In order to use tensorflow >=1.5.0, I tried to upgrade my Ubuntu 16.04 server with 2 GTX 1070 GPUs from Cuda 8 to Cuda 9.
On my first attempt, I used the local .deb installer for 9.1 but after installation, when I tried nvidia-smi it complained:
“NVIDIA-SMI has failed because it couldn’t communicate with the NVIDIA driver. Make sure that the latest NVIDIA driver is installed and running.”.
I tried to download and reinstall the driver manually at this stage, but the .run file aborted saying the preinstall failed.
Today, I returned to the problem - this time installing 9.2 (using network installer) after explicitly removing the old cuda 8 install (which I realised I’d forgotten to do first time) and of course the attempted 9.1 install. However the same problem occurs - nvidia-smi reports the same problem.

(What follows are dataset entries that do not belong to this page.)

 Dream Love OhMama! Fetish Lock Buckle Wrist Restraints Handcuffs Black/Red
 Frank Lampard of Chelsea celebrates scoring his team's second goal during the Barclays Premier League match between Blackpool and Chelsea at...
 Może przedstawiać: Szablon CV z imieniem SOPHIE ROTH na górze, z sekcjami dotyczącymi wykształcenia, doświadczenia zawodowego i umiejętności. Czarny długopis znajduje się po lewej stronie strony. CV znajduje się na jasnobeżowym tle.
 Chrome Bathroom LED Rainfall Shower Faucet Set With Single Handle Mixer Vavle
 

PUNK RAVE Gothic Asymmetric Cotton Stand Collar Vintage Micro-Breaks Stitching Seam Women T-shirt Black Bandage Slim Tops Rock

Note that ‘lspci | grep -i nvidia’ confirms the GPUs are there. Also I get the following error after ‘sudo /sbin/modprobe nvidia’:
“modprobe: ERROR: could not insert ‘nvidia_396’: Exec format error”
I haven’t tried reinstalling the driver - is that what I need to do next?

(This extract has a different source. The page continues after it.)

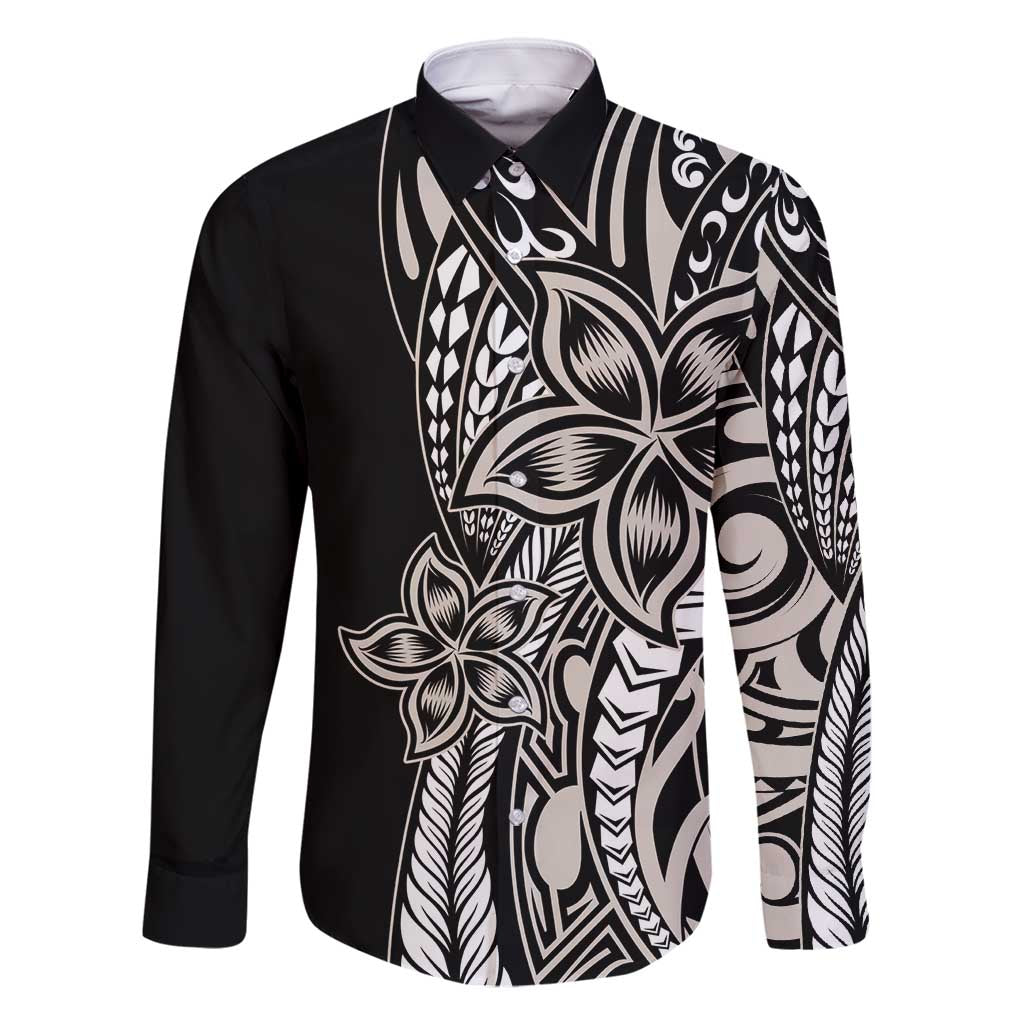 Polynesian Plumeria Floral Tattoo Pattern Family Matching Long Sleeve Bodycon Dress and Hawaiian Shirt Beige Style LT9 Dad's Shirt - Long Sleeve Beige - Polynesian Pride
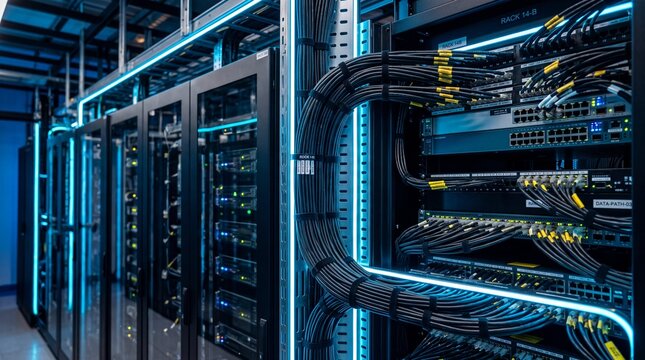 Modern Data Center Server Racks with Network Cables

you may need to follow the driver uninstall procedures from the documentation
Thanks for the reply, however /usr/bin/nvidia-uninstall does not exist.
Use the following command to uninstall a Toolkit runfile installation:
$ sudo /usr/local/cuda-X.Y/bin/uninstall_cuda_X.Y.pl
/usr/bin/nvidia-uninstall will not exist for a network deb install. Likewise the previously mentioned perl script for toolkit uninstall will also not exist for a network deb install. This is already indicated in the supplied instructions.
:) thank you for the explanation.
then the only below execution will be available to remove the previously installed package, as it seems to me:
sudo apt-get --purge remove <package_name> # Ubuntu
I had already purged the cuda-8.0 (and botched cuda-9.1), before installing 9.2, and ‘sudo apt list --installed | grep nvidia’ shows the following:
nvidia-396/unknown,now 396.26-0ubuntu1 amd64 [installed,automatic]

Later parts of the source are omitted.